The results of studies with the relation of HP and RAS are controversial. In some studies, it has been said that HP had no role in the pathogenesis of RAS using polymerase chain reaction (PCR) and serology by Mansour-Ghanaei et al.,[12] Iamaroon et al.,[13] Shimoyama et al.[14] and Fritscher et al.,[15] whereas a positive correlation has been observed between HP and RAS, using PCR and serology by others.[4],[8],[16],[17] However, there has been no clear conclusion in some studies.[18] This controversy is probably due to methodological and technical differences.

When interpreting our results, it is important to note some of the limitations of our study.

First, we had limited number of patients. Second, another diagnostic method showing the existence of HP as histopathology, PCR, antibody was not used. Therefore, false negative and the positivity of the test had not been possible to evaluate exactly. The major and herpetiform RAS was not included in the study

 Review of Literature

HP, previously called “Campylobacter pylori” is a Gram-negative, microaerophilic, motile, spiral-shaped bacterium. It was first isolated by Marshall and Warren, which ushered in a new era in gastric microbiology.[19] HP belongs to a family of bacteria that colonize the mammalian stomach and is causally linked to chronic gastritis, peptic ulceration, and gastric adenocarcinoma.[20] This bacterium colonizes over half of the world's population.

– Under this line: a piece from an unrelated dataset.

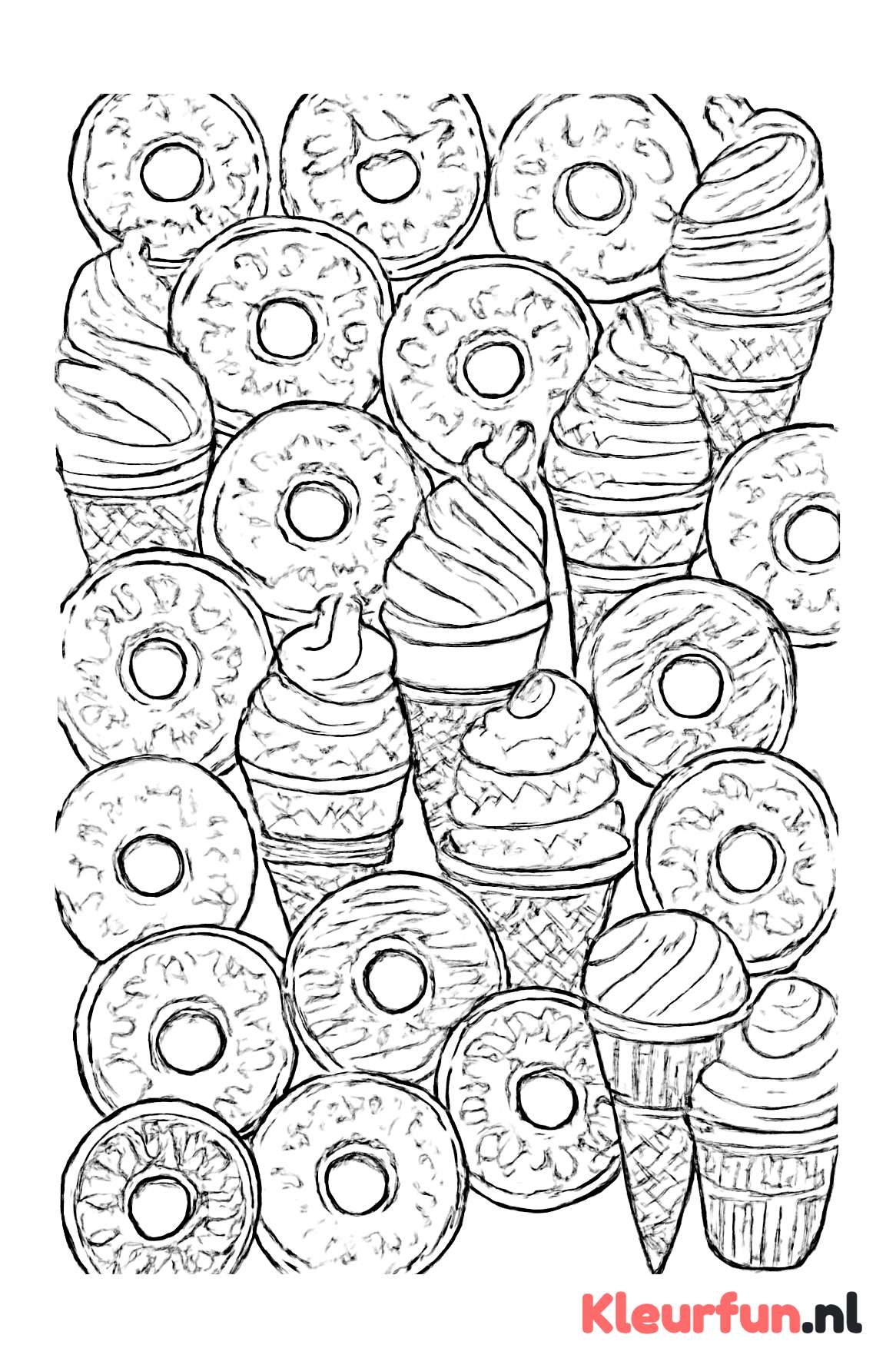 Ingewikkeld patroon van donuts en ijsjes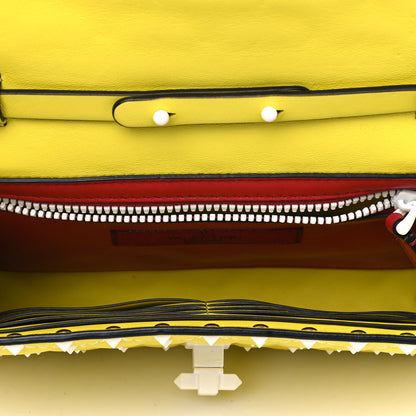 Valentino Garavani Lambskin Free Rockstud Spike Wallet On Chain Light Yellow 4 of 6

Risk factors for Helicobacter pylori

The risk factors for HP include poor social economic status, poor hygiene practice, absence of hygienic drinking water, and unsanitary food preparation.[21],[22]

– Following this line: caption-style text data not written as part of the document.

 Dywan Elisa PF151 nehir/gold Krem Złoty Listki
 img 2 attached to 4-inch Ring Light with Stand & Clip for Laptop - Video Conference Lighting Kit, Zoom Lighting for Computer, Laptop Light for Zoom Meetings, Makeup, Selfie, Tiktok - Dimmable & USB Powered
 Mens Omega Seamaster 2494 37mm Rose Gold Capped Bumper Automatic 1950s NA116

Transmission of Helicobacter pylori

The main route of organism entry has been charted as the following – oral to oral, gastro to oral, and fecal to oral. Transmission may occur in a vertical or horizontal mode. Oral carriage of HP may play a role in the transmission of infection.[22]

Most infections are probably acquired in childhood, although the exact route of transmission is unknown. These bacteria are also found in plaque and feces, so the route of infection could be oral–oral or fecal–oral.[23],[24]

It has long been speculated that dental plaque might harbor HP and therefore might be a source of reinfection of the gastric mucosa.[25]

Because of similarities in the histologic characteristics of gastric ulcers and oral aphthous ulcers, it seems reasonable to assume that HP could play a role in the development of recurrent aphthous ulcers.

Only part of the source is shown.